When writing out the entries below, keep only the lines from the line with "Xiaomi Handheld Portable" to the line with "CD Snow Ankle", both included, exactly as they are, and leave the pictures aside.

# Exercise data
⟨

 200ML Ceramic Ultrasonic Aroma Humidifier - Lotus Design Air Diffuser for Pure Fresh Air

⟩
⟨

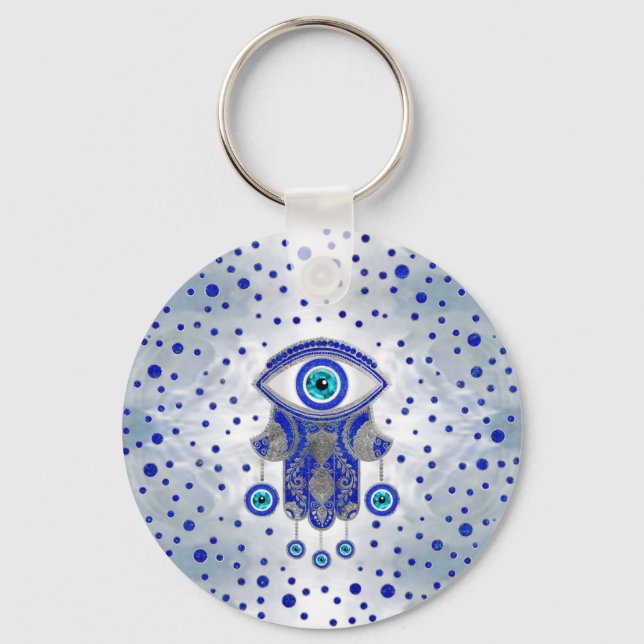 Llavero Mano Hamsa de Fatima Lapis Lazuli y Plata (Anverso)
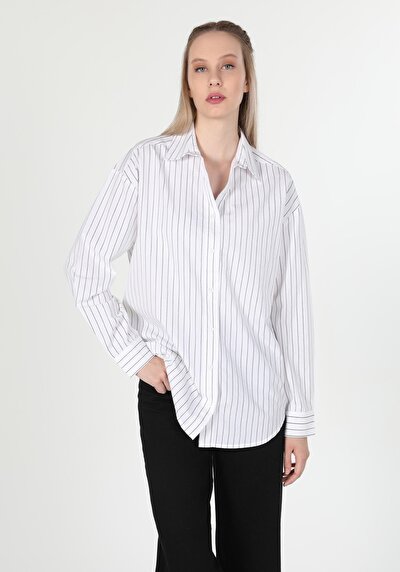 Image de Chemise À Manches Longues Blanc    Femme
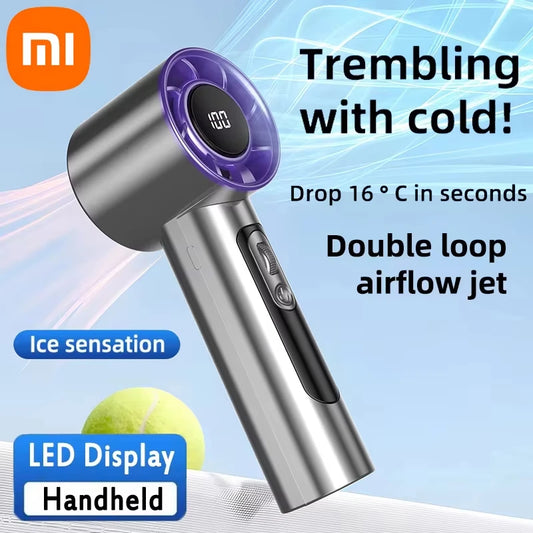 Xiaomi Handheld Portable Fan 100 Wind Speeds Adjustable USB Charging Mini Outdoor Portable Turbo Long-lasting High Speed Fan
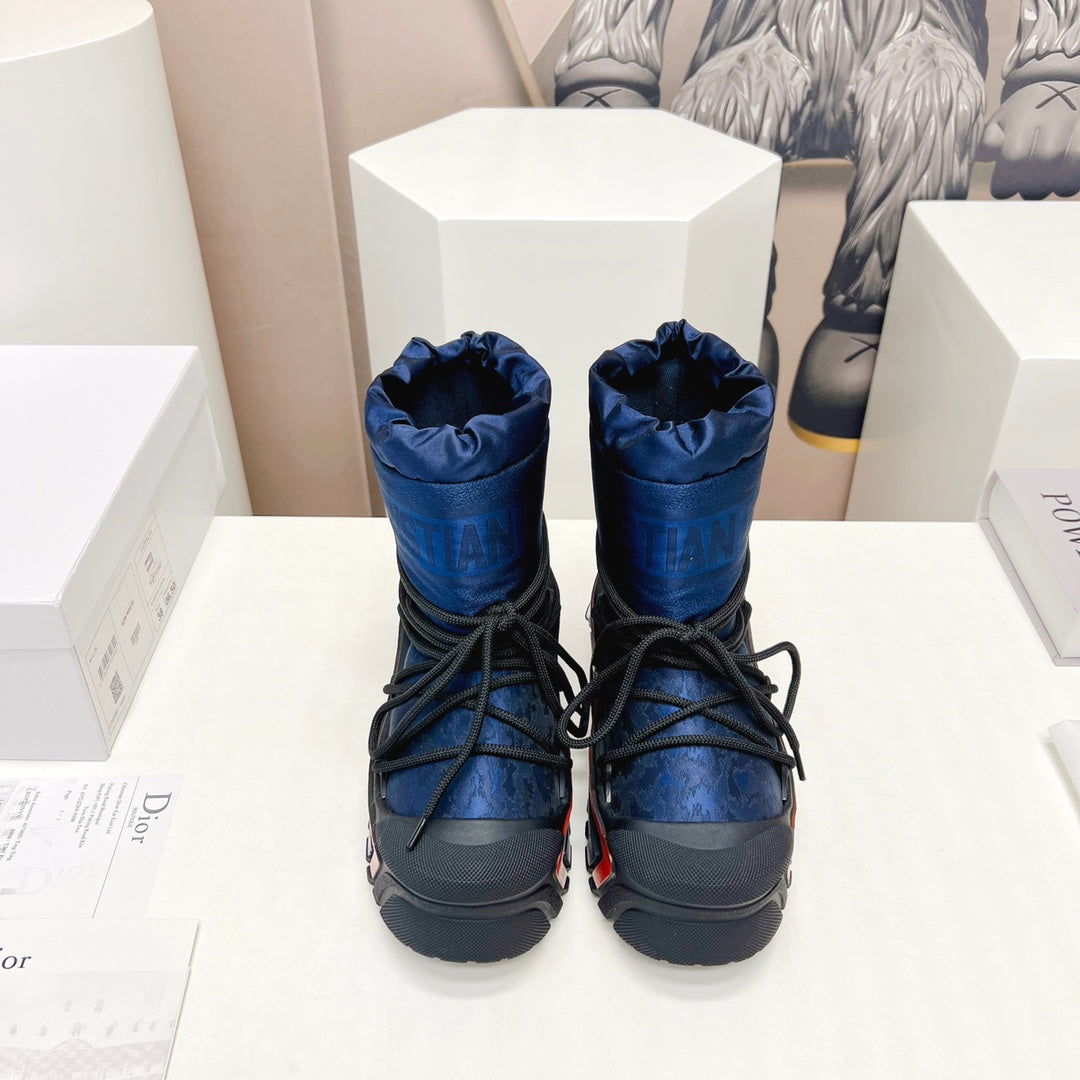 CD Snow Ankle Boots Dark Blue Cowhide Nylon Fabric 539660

⟩

# Response
 Xiaomi Handheld Portable Fan 100 Wind Speeds Adjustable USB Charging Mini Outdoor Portable Turbo Long-lasting High Speed Fan
 CD Snow Ankle Boots Dark Blue Cowhide Nylon Fabric 539660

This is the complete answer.